Gassen in der Altstadt

Because the beginning of November is almost Christmas time... (I have to say the decorations are really nice...I especially like the idea of recycling old plastic bottles and turning them into street art)
This is not a decoration it's actually for sale and costs the eyes out of your head. Now I come to think of it, maybe this is one of the last customers who went and got something from the shop.


Yep, there's money in town, and always two sides to a medal. "Money stinks...." This actually stinks too. There are some really good sides to CH, but one of the bad ones is the hardly latent racism. This is an extremely shocking campaign (from a right wing party of course) for a referendum where people are going to have to vote for what is called the Ausschaffungsinitiative, a.i. "explusion initiative" which consists in expulsing all the so-called foreign criminals out of Switzerland and back to their respective unrespectable countries.
Now of course everything is debatable, and again there are always two sides blablabla. However I think the slogan in this one is really shocking, and not only meant to campaign for the initiative, but just downright racist and xenophobia enhancing. It reads "Ivan S., rapist, soon to be Swiss?"
I'll leave you to think on that one, but I think it's just disgusting.

They also have another poster which shows a nice clean little white sheep kicking a black sheep over the border and out of Switzerland. Cute.
Politics...
Apparently (though I haven't researched it thoroughly so again it is simplistic), in Switzerland the power is really with the people, since it is they who determine such issues through referendums and direct voting. Which has advantages and inconvenients.
Démocratie, quand tu nous tiens...

Anyway... the weather has been very clement at times, and even allowed for one grand day out cycling along the Zürich See through the countrysideand on to Rapperswil.

And the rest of the time when the weather is bad and I'm not keeping my friend's two kids (which is in effecto what I came here for) I knit, as usual.

It is lovely and a terrible thing to have turned into a knitter.
For the one it's great and entertaining, for the second, I can't help but feeling that to others I look or appear totally neurotic, throwing myself on balls of yarn as soon as I've got spare time and compulsively buying wool every time I see a shop.

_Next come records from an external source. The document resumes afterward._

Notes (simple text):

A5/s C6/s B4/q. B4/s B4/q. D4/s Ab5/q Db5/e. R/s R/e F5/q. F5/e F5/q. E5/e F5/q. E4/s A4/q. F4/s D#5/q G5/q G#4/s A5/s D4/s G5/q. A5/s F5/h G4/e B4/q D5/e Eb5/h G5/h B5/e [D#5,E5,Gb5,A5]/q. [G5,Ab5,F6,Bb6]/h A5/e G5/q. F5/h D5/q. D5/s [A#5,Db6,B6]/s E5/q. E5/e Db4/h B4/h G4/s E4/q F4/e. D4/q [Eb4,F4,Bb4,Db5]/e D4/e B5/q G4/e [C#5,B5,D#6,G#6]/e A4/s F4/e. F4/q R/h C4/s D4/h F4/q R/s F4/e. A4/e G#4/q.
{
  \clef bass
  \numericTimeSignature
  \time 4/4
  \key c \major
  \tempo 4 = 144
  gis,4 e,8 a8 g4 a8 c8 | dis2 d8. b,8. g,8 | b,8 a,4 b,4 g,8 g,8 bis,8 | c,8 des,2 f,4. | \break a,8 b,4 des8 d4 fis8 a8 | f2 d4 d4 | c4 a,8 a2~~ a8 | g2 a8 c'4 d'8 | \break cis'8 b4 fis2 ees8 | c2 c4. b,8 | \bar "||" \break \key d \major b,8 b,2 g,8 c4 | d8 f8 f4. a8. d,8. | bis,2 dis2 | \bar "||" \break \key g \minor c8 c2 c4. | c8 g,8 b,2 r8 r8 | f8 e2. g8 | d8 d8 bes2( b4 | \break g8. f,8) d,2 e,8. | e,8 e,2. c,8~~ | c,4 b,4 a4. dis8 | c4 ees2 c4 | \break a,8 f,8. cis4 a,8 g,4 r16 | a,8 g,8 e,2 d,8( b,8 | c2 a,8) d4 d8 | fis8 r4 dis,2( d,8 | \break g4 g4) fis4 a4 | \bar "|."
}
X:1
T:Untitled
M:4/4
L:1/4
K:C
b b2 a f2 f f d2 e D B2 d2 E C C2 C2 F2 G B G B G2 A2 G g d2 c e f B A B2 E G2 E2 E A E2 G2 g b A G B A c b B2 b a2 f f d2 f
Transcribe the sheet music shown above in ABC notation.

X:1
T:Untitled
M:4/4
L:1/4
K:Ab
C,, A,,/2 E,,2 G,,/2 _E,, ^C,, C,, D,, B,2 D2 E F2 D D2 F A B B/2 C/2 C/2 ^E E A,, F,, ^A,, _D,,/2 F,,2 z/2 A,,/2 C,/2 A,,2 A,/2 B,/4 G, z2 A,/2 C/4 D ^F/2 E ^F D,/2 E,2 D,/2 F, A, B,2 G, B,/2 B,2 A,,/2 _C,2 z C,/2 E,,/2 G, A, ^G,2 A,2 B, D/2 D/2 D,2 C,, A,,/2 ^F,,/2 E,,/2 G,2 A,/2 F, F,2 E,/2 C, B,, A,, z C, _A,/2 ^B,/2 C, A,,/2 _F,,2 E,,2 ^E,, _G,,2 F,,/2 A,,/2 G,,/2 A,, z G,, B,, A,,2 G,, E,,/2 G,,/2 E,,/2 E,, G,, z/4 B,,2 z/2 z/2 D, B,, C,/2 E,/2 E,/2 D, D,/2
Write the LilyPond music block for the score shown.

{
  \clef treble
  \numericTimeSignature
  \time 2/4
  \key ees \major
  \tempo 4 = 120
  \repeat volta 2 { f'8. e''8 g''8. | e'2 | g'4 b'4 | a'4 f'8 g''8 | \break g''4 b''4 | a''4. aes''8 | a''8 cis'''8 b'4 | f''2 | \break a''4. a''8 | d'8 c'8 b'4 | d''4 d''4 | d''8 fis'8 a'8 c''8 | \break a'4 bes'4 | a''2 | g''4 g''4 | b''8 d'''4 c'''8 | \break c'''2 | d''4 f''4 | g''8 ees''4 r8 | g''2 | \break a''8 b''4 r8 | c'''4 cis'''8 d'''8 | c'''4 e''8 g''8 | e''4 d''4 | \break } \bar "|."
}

Added to that, considering the value of the CHF, it's kind of dangerous for the porte-monnaie, being a compulsive knitter in Switzerland...
Hlakka til ad fara aftur til Islands!!! :o)

However, these are the latest:
A tweed hat for Claudia (my friend's other half) and a first lopapeysu with sleeves for me...

Saturday, October 16, 2010

HA!

Ok, so again it's been a little while..
Well, ok, make that a hell of a while.
Ok, almost 3 months.
But it's all to make it worth the while!!! (1st joke, yay)

What happened is that the last couple of months, me and my accompagnateur have been traveliving in the car. However great the aforementionned, it is nevertheless not yet equipped with the latest contributions of technology such as wireless or even a computer.
We've got so far as a gas stove we can warm up cans of cassoulet on though, so no need to despair, first step towards efficiency is taken, woopee!!

Hmmm, 3 months hey, so what...
Ok. Step 1 - came back from Iceland and back to Brittany via CamembertSo far everyone remembers (yeah, right)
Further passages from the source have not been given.